Exercise directions: Search the records for the word "Louis". Copy every line where it appears.

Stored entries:
=== Begin Enclosure ===

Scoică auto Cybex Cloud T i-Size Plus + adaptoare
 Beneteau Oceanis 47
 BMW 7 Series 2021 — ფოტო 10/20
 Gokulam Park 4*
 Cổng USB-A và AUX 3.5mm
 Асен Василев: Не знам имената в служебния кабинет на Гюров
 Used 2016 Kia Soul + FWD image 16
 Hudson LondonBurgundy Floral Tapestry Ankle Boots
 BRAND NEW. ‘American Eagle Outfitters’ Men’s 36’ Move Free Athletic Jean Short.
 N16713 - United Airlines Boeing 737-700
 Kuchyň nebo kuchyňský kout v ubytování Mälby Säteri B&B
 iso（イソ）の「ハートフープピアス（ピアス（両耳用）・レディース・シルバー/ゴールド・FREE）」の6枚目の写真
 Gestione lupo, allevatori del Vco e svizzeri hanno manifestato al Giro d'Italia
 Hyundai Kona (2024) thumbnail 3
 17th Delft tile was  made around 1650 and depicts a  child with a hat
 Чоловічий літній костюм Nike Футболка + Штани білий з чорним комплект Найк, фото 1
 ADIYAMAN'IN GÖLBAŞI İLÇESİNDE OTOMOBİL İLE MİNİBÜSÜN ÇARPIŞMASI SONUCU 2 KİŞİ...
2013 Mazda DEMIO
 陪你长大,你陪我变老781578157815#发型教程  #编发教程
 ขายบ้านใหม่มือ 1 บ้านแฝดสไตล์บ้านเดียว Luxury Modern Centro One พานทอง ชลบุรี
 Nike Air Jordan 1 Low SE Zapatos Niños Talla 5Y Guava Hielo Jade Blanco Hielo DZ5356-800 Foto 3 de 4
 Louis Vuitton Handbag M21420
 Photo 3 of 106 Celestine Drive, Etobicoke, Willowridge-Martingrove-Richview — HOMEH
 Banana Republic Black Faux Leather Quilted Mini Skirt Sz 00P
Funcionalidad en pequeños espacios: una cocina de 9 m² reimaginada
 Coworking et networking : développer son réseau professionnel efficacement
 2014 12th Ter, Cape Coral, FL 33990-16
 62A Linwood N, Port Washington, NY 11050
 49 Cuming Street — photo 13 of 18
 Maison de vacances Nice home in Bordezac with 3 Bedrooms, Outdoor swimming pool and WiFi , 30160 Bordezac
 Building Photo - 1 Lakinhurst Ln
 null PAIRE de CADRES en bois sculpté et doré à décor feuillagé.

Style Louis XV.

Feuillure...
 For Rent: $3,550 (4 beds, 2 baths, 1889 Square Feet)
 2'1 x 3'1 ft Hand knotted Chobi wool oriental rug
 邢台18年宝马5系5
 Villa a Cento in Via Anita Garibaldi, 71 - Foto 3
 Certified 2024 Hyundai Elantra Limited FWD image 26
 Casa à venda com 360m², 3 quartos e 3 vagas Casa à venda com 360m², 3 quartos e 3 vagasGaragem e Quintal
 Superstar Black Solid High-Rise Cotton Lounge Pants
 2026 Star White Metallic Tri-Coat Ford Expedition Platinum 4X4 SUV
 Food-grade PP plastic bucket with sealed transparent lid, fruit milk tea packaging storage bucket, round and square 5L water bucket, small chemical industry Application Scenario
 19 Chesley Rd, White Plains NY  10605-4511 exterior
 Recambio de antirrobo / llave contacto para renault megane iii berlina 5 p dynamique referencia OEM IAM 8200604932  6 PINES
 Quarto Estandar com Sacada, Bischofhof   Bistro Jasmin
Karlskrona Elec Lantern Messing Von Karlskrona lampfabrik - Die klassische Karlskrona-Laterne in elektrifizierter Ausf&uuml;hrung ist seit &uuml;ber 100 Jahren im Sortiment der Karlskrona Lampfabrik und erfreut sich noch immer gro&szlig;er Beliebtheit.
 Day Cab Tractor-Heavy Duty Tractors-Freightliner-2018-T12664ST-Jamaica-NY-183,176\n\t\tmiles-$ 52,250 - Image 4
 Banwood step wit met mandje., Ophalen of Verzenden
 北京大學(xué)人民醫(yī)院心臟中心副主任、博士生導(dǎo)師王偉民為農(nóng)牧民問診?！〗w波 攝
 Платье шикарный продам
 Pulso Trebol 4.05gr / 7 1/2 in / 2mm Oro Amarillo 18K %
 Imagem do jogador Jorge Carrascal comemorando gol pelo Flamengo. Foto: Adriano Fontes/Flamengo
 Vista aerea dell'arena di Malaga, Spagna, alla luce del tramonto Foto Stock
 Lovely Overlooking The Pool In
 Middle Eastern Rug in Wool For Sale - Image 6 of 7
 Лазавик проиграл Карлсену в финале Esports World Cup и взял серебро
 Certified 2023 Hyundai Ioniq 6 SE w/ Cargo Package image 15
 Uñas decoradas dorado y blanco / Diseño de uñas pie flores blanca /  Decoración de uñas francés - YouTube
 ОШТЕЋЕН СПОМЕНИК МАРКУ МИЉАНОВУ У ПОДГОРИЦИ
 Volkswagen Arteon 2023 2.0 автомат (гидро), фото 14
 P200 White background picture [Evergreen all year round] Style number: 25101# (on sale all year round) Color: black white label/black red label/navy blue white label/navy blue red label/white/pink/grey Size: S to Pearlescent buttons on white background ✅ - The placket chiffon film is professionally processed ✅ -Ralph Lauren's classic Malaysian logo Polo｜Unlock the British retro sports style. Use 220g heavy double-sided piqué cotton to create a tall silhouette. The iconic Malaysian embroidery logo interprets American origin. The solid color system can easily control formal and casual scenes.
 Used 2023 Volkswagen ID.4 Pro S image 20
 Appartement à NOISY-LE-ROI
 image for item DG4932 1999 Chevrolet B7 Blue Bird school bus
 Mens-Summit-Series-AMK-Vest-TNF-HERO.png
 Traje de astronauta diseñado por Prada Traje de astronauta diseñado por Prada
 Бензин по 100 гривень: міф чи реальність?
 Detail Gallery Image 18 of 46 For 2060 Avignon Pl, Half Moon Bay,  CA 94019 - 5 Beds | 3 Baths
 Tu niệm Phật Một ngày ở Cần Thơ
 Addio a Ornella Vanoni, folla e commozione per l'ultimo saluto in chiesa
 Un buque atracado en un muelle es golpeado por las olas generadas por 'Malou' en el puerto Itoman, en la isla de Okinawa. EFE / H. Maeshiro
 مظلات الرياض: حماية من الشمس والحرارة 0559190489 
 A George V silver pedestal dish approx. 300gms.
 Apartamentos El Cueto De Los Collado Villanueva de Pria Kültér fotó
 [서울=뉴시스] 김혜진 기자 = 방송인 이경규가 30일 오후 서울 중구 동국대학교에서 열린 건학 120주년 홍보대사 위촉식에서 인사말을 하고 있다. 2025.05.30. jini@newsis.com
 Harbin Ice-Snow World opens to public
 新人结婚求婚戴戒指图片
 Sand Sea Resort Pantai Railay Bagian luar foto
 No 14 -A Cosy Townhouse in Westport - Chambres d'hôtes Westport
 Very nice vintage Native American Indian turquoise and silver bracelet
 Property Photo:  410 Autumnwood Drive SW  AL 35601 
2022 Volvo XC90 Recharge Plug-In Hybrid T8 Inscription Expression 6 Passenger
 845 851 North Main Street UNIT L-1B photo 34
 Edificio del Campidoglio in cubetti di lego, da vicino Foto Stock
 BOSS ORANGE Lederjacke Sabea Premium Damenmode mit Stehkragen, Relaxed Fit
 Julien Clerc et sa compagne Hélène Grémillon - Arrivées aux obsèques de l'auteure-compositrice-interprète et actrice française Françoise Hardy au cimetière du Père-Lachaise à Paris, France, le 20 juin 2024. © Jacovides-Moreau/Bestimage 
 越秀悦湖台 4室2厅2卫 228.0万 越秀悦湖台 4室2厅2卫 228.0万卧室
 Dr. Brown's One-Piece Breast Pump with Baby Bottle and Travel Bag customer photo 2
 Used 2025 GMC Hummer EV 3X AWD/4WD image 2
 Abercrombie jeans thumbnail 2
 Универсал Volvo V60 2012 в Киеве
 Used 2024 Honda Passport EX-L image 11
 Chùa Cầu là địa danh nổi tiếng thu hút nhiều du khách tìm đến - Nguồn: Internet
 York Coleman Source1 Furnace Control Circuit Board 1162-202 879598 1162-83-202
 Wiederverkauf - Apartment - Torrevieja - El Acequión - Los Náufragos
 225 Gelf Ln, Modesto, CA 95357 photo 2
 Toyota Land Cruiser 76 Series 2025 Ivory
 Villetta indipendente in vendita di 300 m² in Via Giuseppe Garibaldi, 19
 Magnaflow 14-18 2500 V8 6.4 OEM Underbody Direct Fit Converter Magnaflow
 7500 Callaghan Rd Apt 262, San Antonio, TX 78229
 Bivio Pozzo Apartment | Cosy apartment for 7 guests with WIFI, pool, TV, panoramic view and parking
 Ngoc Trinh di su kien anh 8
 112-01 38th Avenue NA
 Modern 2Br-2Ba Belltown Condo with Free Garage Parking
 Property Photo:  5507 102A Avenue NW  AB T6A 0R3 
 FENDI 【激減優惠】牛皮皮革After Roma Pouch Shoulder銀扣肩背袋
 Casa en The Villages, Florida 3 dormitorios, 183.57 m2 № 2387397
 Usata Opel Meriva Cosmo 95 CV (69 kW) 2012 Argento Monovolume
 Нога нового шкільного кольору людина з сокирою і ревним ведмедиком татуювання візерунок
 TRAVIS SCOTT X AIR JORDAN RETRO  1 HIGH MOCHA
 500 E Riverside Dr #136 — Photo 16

=== End Enclosure ===

Written reply:
 Louis Vuitton Handbag M21420
Style Louis XV.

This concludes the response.